ASSIGNED TASK:
Having located the line with "En Venta: $285,000", print it and each remaining line exactly, stopping at the end of the material and omitting pictures.

AVAILABLE DATA:
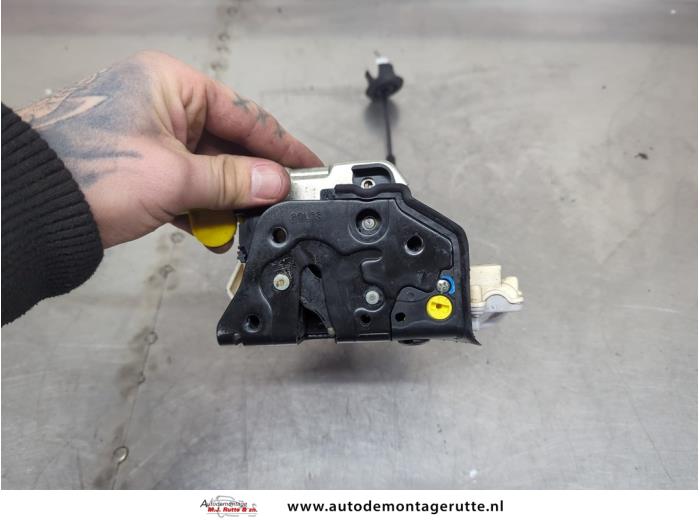 Gebruikte Deurslot Mechaniek 4Deurs links-achter Audi A4 O199554
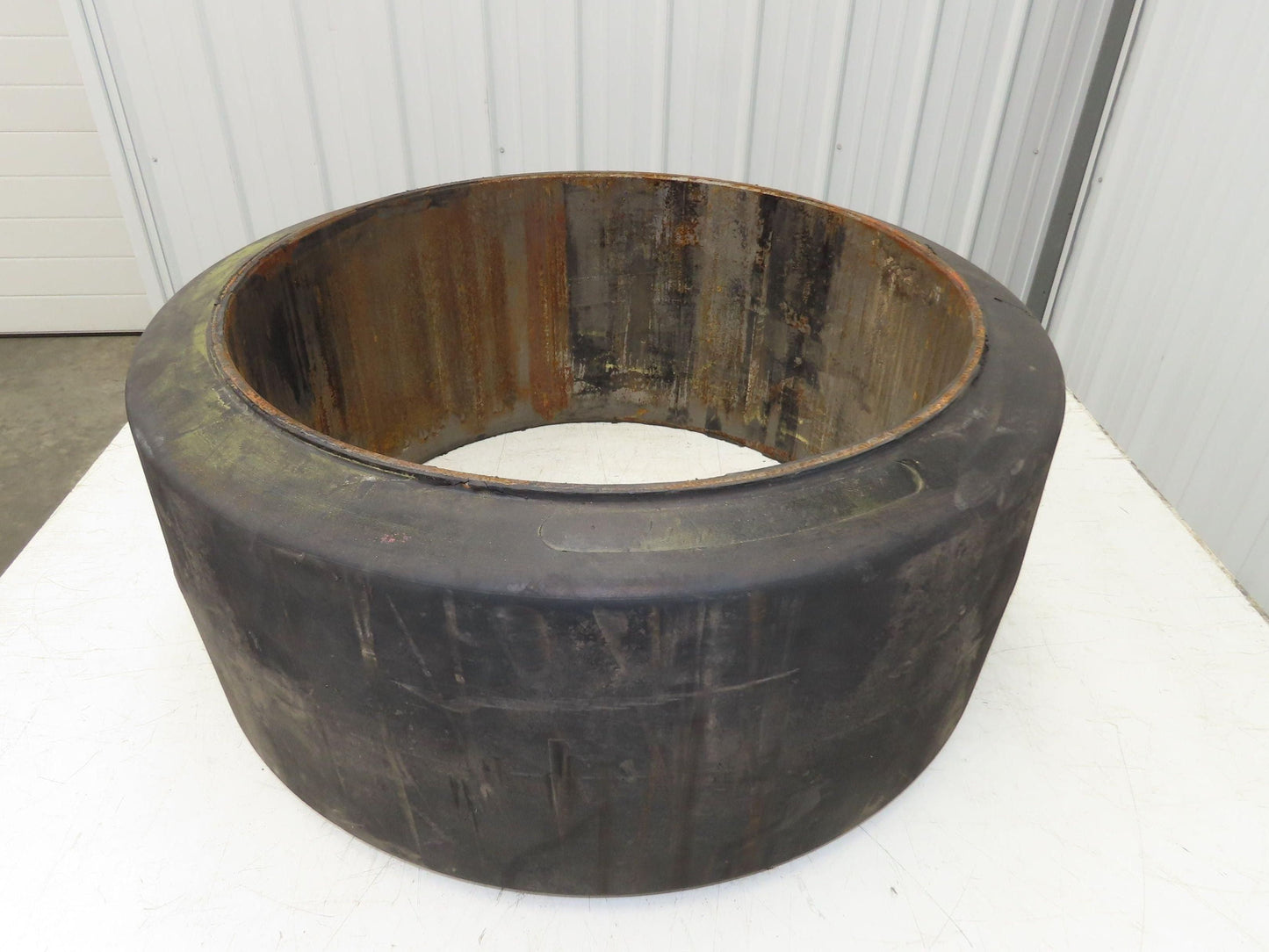 Super Solid 28x12x22 Forklift Tire Smooth Solid Press-on Black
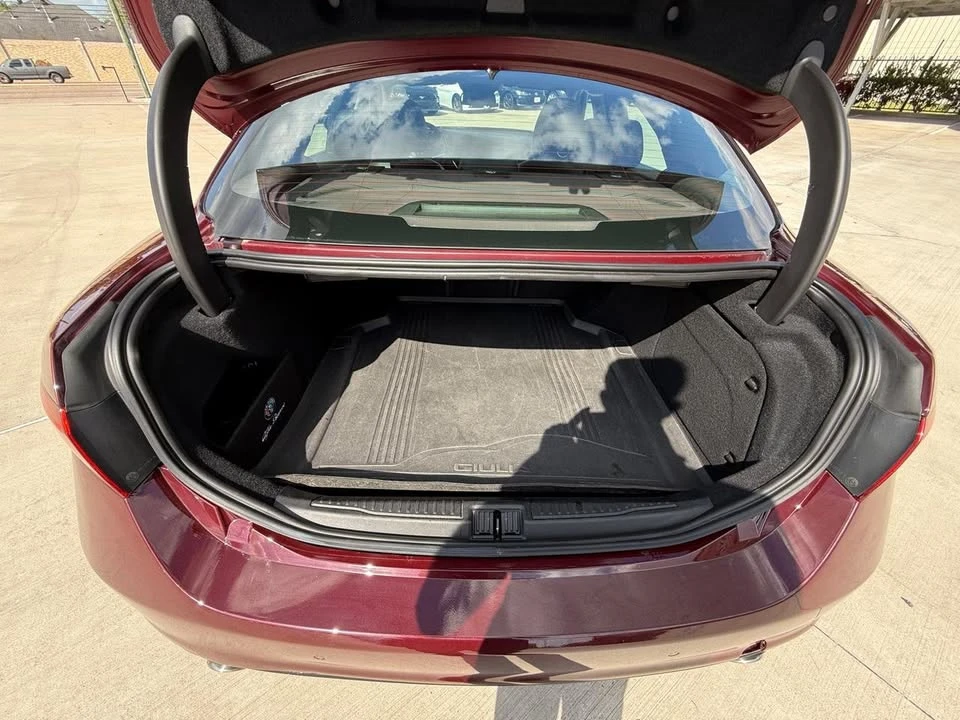 2019 Alfa Romeo Giulia - Image 12 of 17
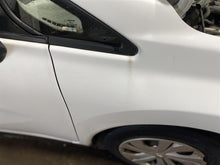 Load image into Gallery viewer, FRONT FENDER Nissan Versa 14 15 16 17 18 19 Right - 1407049
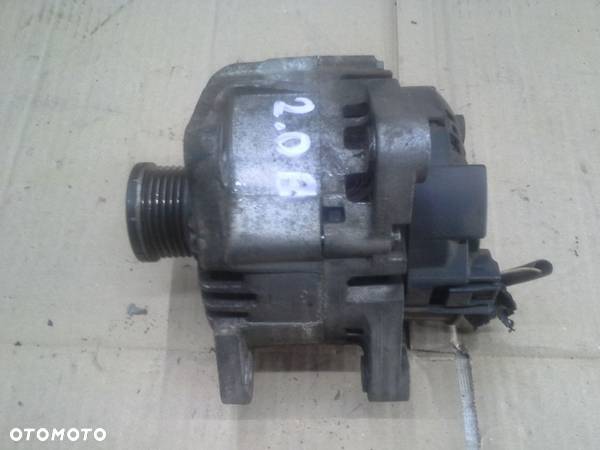 Renault Laguna III 2.0 benzyna 140KM  alternator Valeo 231000011R  TG15C123  2543592A - 3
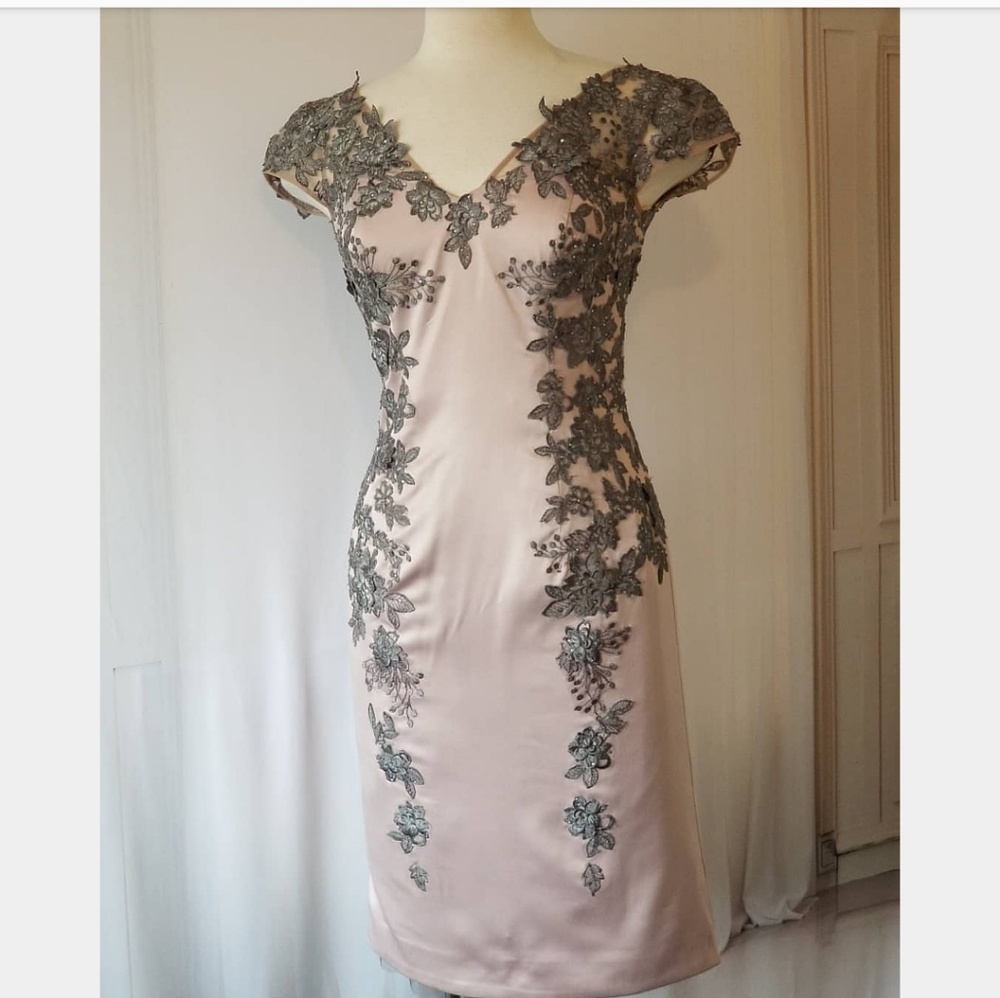 LA FEMME  Floral Appliqué Satin Shift Dress sz6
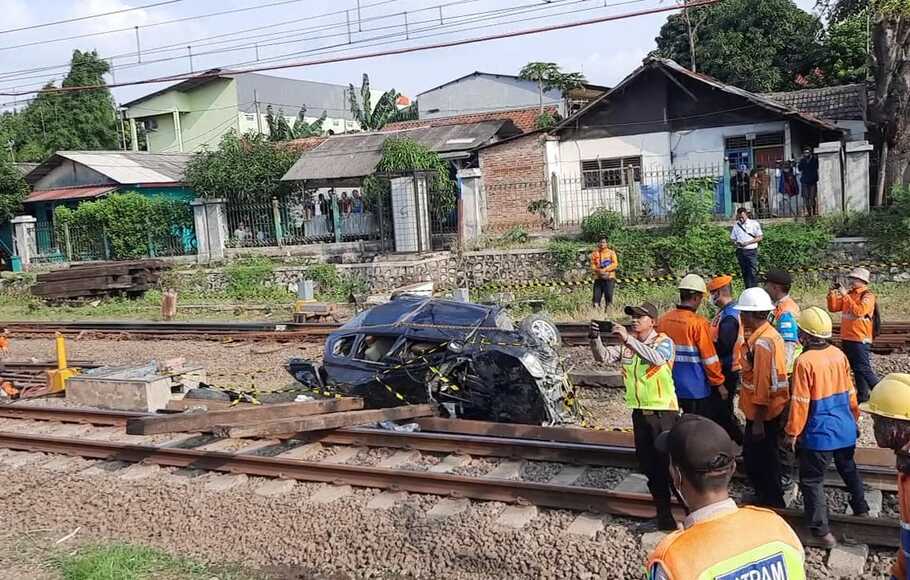 Kereta Api Argo Sindoro terlibat kecelakaan dengan mobil di perlintasan liar KM 34 Tambun Selatan pada Selasa (21/6/2022).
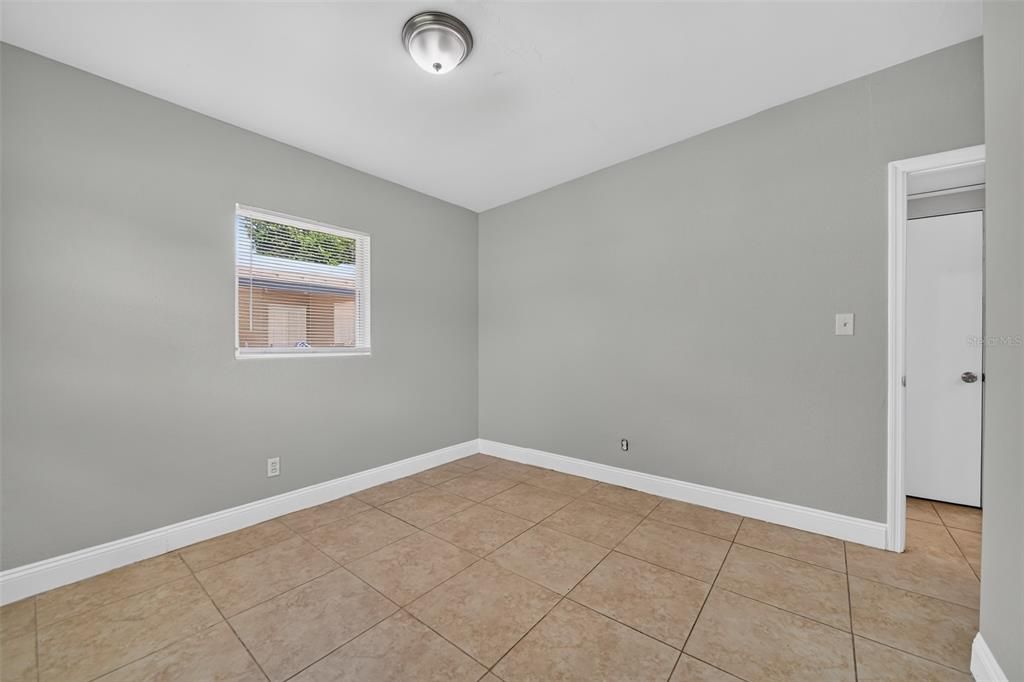En Venta: $285,000 (3 camas, 1 baños, 912 Pies cuadrados)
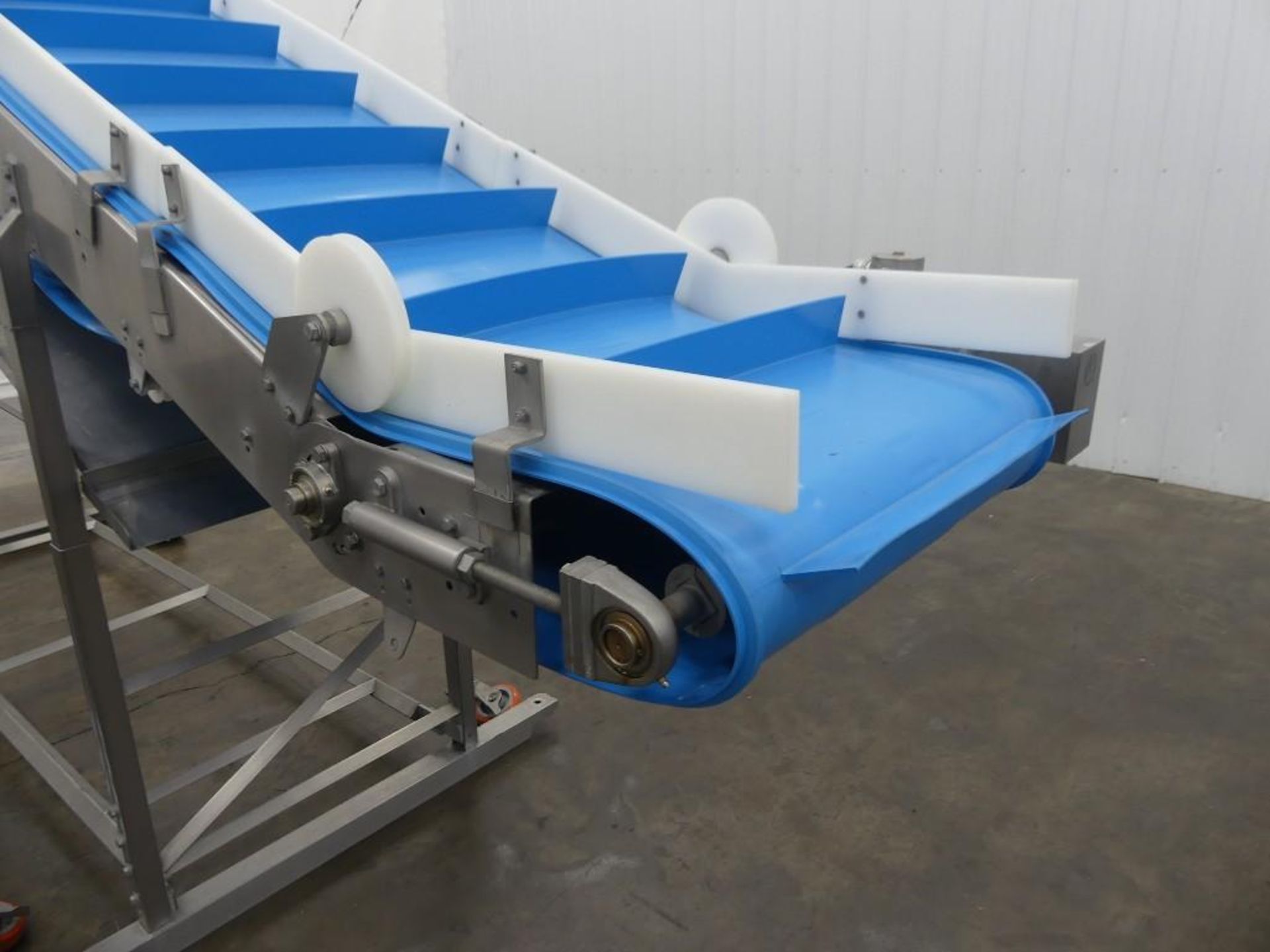 Power Belt Systems 18' L by 28" W Cleated Decline Conveyor - Image 14 of 20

EXERCISE ANSWER:
En Venta: $285,000 (3 camas, 1 baños, 912 Pies cuadrados)
 Power Belt Systems 18' L by 28" W Cleated Decline Conveyor - Image 14 of 20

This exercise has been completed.